[Collected data]
——

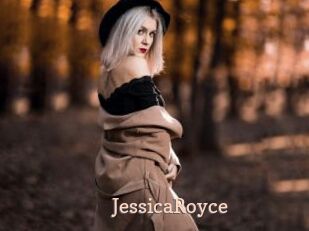 JessicaRoyce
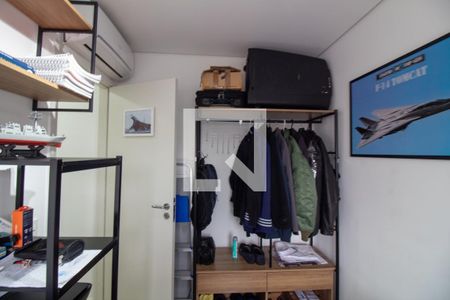 Quarto 1 de apartamento para alugar com 2 quartos, 68m² em Jardim Aeroporto, São Paulo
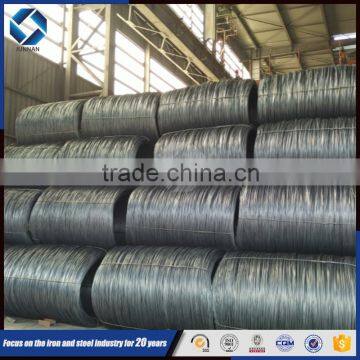 High Tensile Strength Galvanized Steel Wire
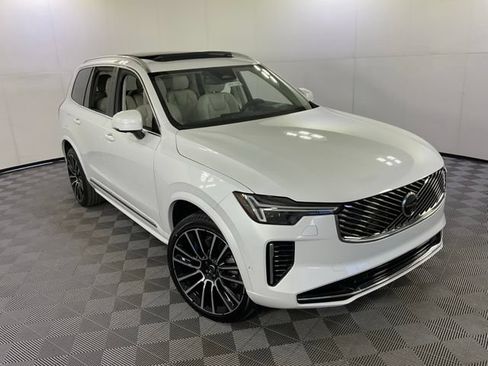 New 2026 Volvo XC90 B5 Ultra AWD/4WD image 42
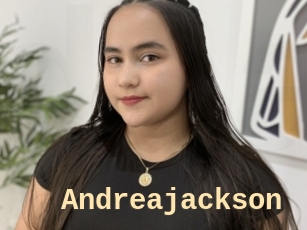 Andreajackson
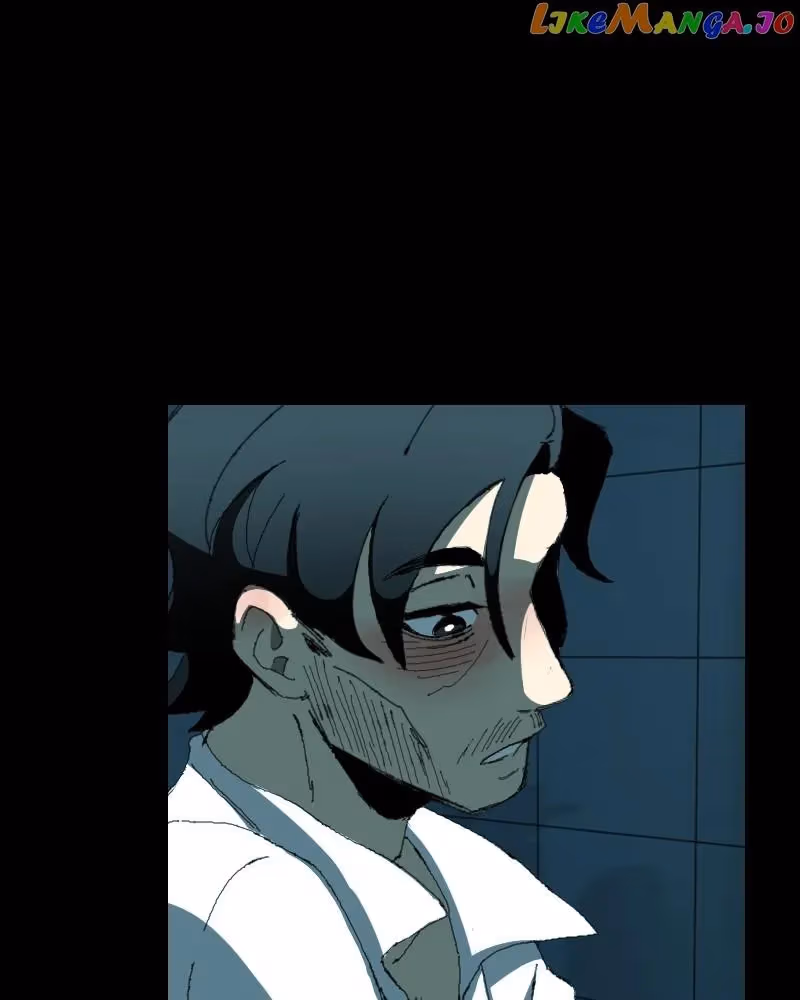 Silent Screams Chapter 19 page 5 - 
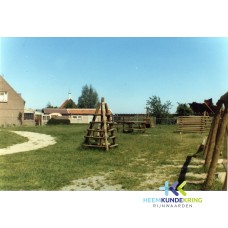 Tuindorp 11-7-1977 Coll. HKR (47)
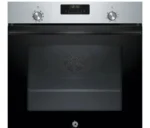 Horno Hidrolitico Multifuncion Balay 3HB413CX3 A+ Inox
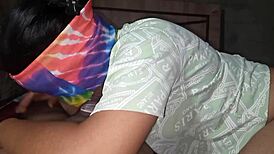 Watch Hot Indian Step Siblings Having Sex!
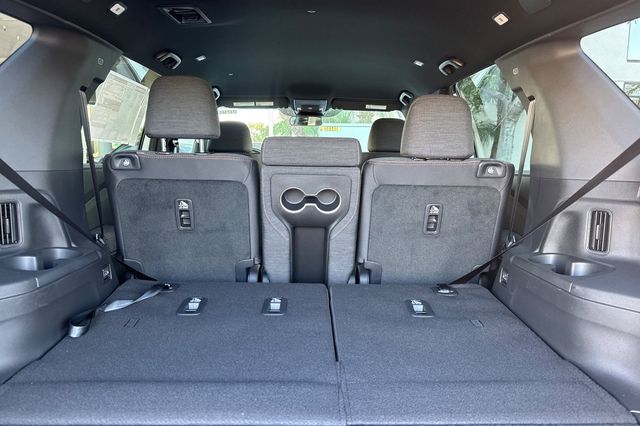 New 2026 Honda Pilot SUV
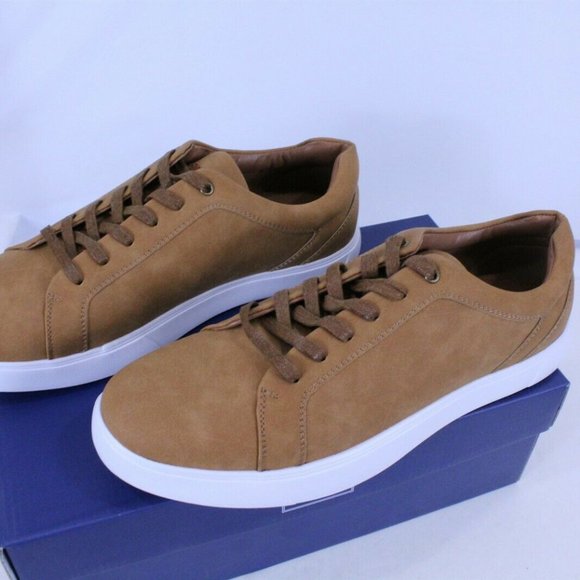 Oak And Rush Other - NWT Rally Men's Casual Lightweight Sneakers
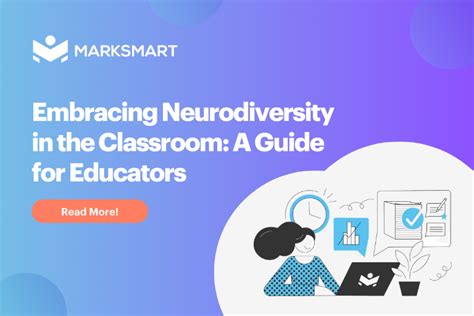 Embracing Neurodiversity In The Classroom A Guide For Educators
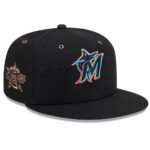Miami Marlins All-Star Game Philadelphia 2026 Graphic Hat for Baseball Fans
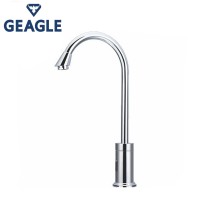 CE Approved Sensor controlled Faucet for hospital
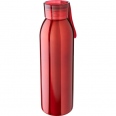 Stainless Steel Single-walled Bottle (650ml) 2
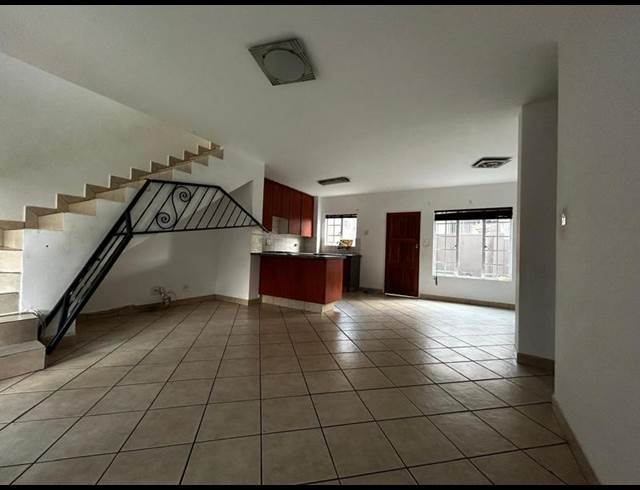 2 BEDROOM PROPERTY TO RENT IN VORNA VALLEY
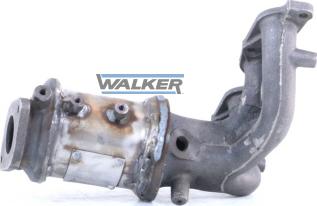 Walker 28788 - Katalizators autodraugiem.lv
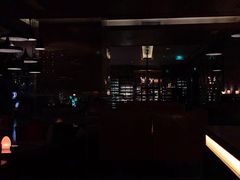 -富力丽思卡尔顿酒店·FLAIR餐厅酒吧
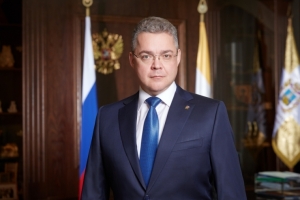 В грядущий четверг губернатор Ставрополья выступит с ежегодным Посланием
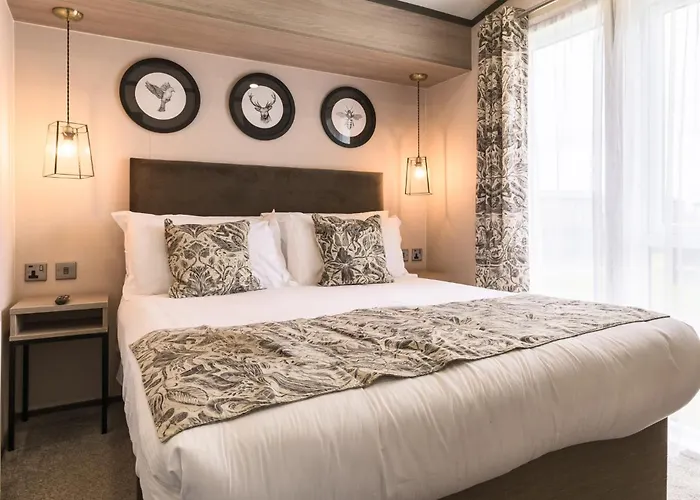 Landal Ullswater Heights Holiday park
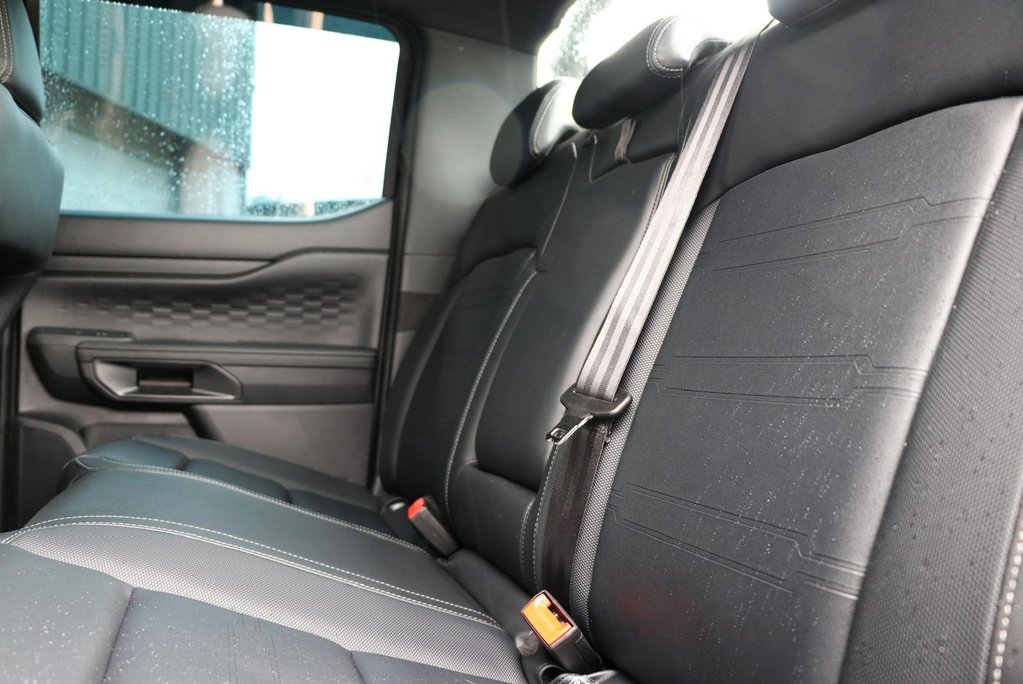 Ford Ranger BRAND  NEW TREMOR ECOBLUE STYLED BY SEEKER -FORD BEST OFF ROAD VERSION I 22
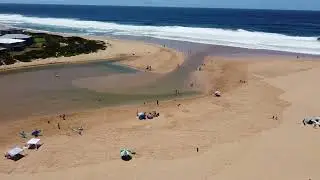 Avoca Beach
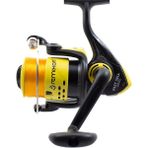 Remixon Fast Sell 6000 1 Bb Olta Makinesi Yellow - Sarı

——

Exercise | Your task is to copy only the lines above starting at the one containing "Silent Screams Chapter" and ending at the one containing "Oak And Rush". Copy them exactly, both ends included, and omit the pictures.

Result |
 Silent Screams Chapter 19 page 5 - 
 Tuindorp 11-7-1977 Coll. HKR (47)
 Horno Hidrolitico Multifuncion Balay 3HB413CX3 A+ Inox
 Watch Hot Indian Step Siblings Having Sex!
 New 2026 Honda Pilot SUV
 Oak And Rush Other - NWT Rally Men's Casual Lightweight Sneakers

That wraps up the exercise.